> [Problem details]: Please set down only the lines below starting with the line with "Hello guys and" and going on through the line with "Welcome, everyone. This", verbatim and without pictures.

> [Material for this task]:
# # # # #

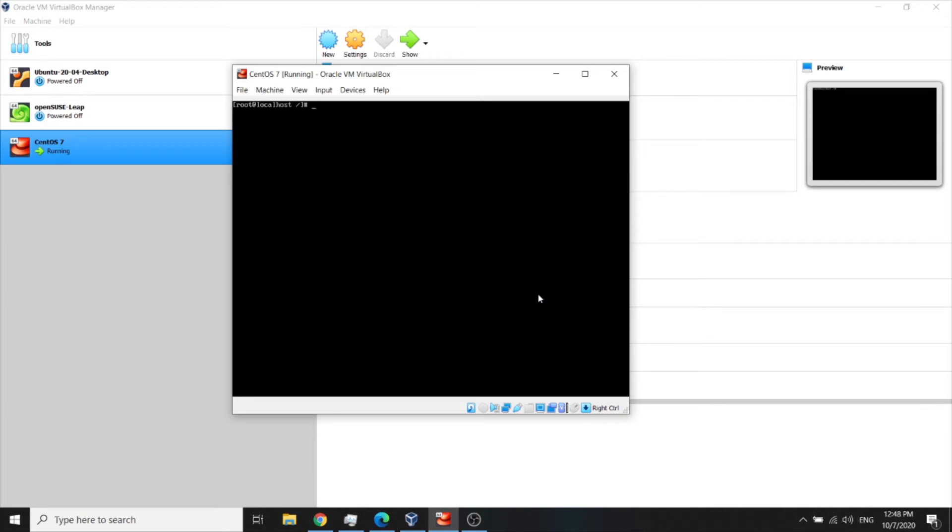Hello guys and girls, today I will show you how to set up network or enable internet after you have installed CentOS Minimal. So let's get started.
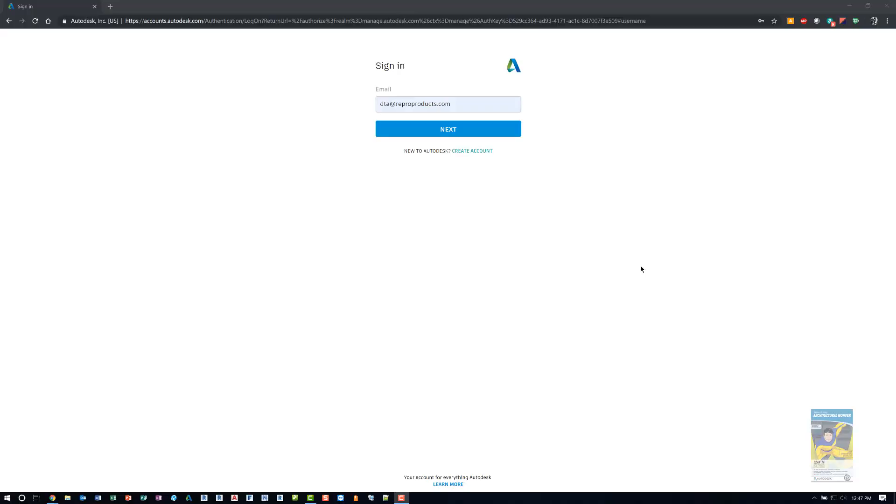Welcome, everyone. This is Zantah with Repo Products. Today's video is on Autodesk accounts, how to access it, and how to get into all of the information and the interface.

# # # # #

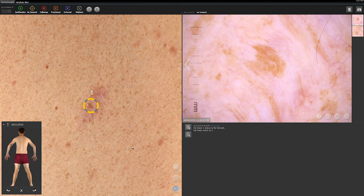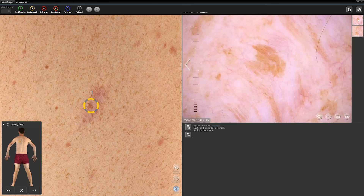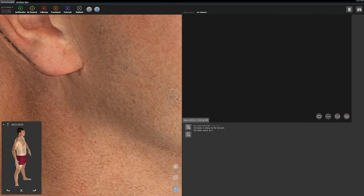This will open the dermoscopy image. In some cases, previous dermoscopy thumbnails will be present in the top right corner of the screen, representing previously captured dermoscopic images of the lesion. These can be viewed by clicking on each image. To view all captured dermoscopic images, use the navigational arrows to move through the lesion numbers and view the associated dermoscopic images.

# # # # #

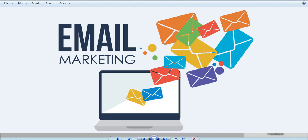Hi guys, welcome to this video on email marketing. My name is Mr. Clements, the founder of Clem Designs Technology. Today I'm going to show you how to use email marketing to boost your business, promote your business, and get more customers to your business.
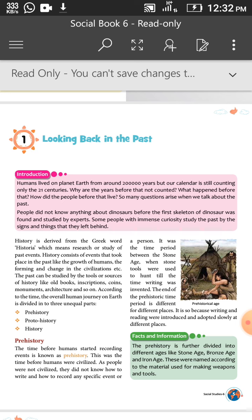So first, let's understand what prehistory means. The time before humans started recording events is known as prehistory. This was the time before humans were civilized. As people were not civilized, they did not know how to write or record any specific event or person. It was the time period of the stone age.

# # # # #

> [Written response]:
Hello guys and girls, today I will show you how to set up network or enable internet after you have installed CentOS Minimal. So let's get started.
Welcome, everyone. This is Zantah with Repo Products. Today's video is on Autodesk accounts, how to access it, and how to get into all of the information and the interface.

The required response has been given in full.